Glanbia Nutritionals has leveraged its existing cheese production of roughly 1bn lbs per year and freeze drying capabilities to create a freeze dried cheese, which it says will help open up new markets for the company.

“Part of what’s distinct about what we can do is that we have control over the entire supply chain,” Michael S. Levine, director of product strategy for the company’s cheese division, told DairyReporter at IFT in Las Vegas.

 “By virtue of the fact that we make the cheese ourselves it really gives us that control over the supply chain and that’s positive both from a food safety perspective as well as an availability perspective.”

The freeze dried cheese is made from pasteurized milk and is available in a shredded format. It  contains 622 calories and 1,093mg of calcium per 100 gram serving, but the nutrition facts do change once the cheese is rehydrated, according to Glanbia’s product data.

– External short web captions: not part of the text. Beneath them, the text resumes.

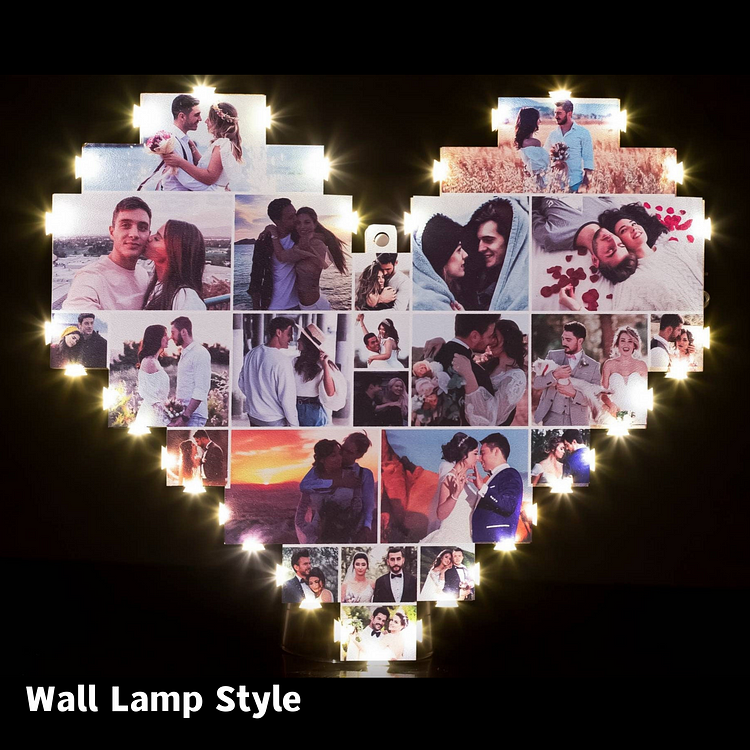 Custom Heart Shape Photo Collage Lamp with Your Photos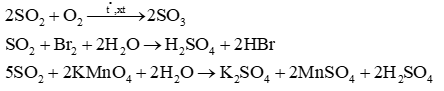 Dãy chất nào sau đây đều thể hiện tính oxi hóa khi phản ứng với SO2 (ảnh 1)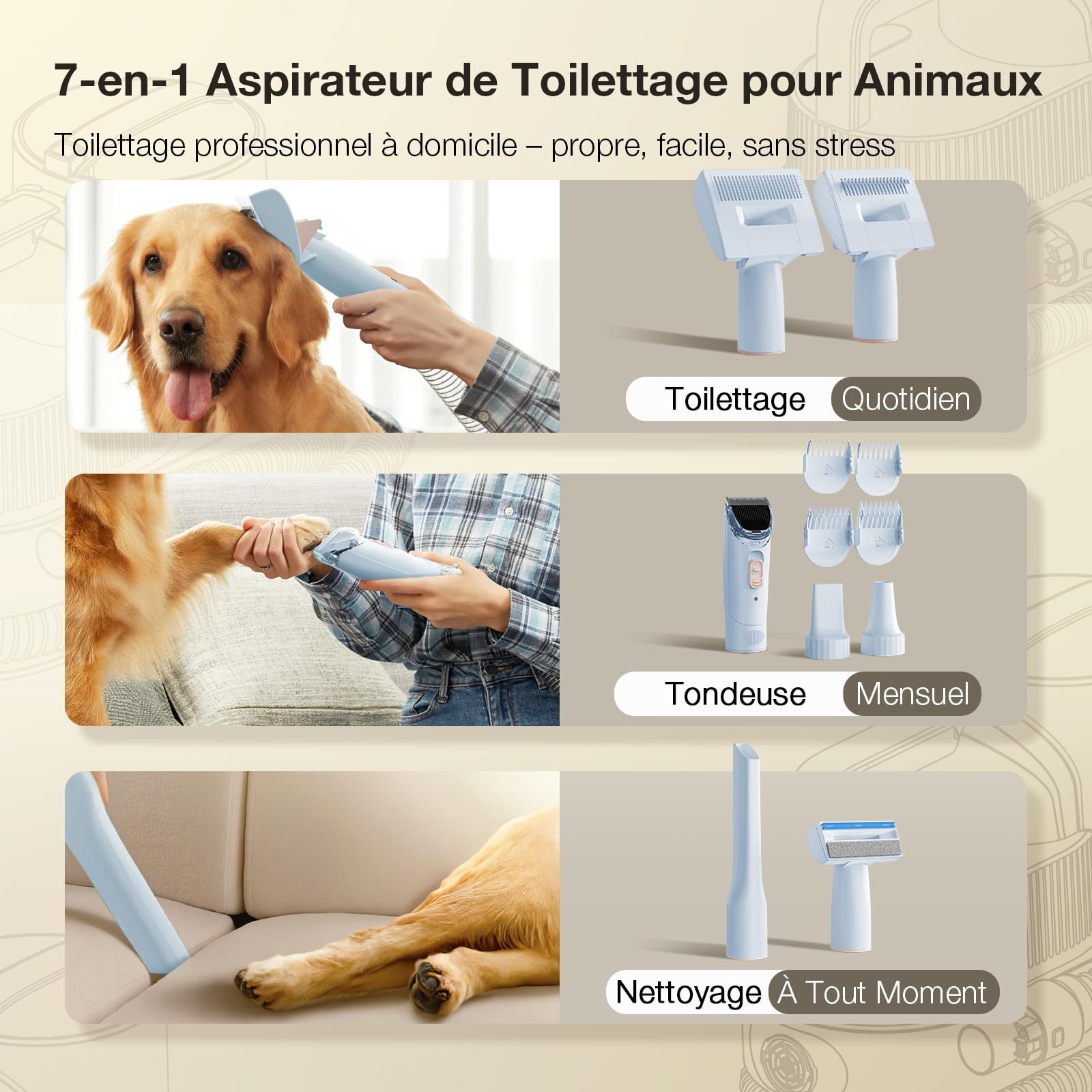 PETGUGU Aspirateur Poil de Chien, 7-en-1 Tondeuse Chien Professionnelle 11000Pa, Kit de Toilettage Silencieux pour Chiens et Chats, Trimmer Animaux avec 2,5L Réservoir, 3 Niveaux d’Aspiration, M1 Pro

Longer shelf life opens up new doors

The freeze dried cheese, which is available in cheddar and mozzarella, is devoid of all water, giving it a shelf life of up to 18 years, the company said.

There is an existing market for freeze dried cheese in the emergency preparedness segment and there are products with an up to 25-year shelf life, according to Levine.

“There’s a large population of people out there that wants to be prepared when Armageddon comes,” he said.

“We’re not participating so much in that segment, but where we’re having a lot of interest in is from companies that are in the processed food space.”

The extended shelf life offers entry into segments such as snacks, bars, soups, prepared meals, and ready-to-eat meals.

“It’s enabled us to expand the usage of cheese into areas where it’s too difficult to use in its existing format,” Levine added.

Levine pointed to the snack bar space as an opportunity for growth as manufacturers delve into more savory flavors and want to incorporate a stronger cheese flavor in the form of freeze dried chunks instead of cheese powder.

“It can really allow the bar companies to bridge that gap and travel away from purely sweet and move into savory,” he said.

“If this isn’t in a meat bar within 12 months, I’d be shocked.”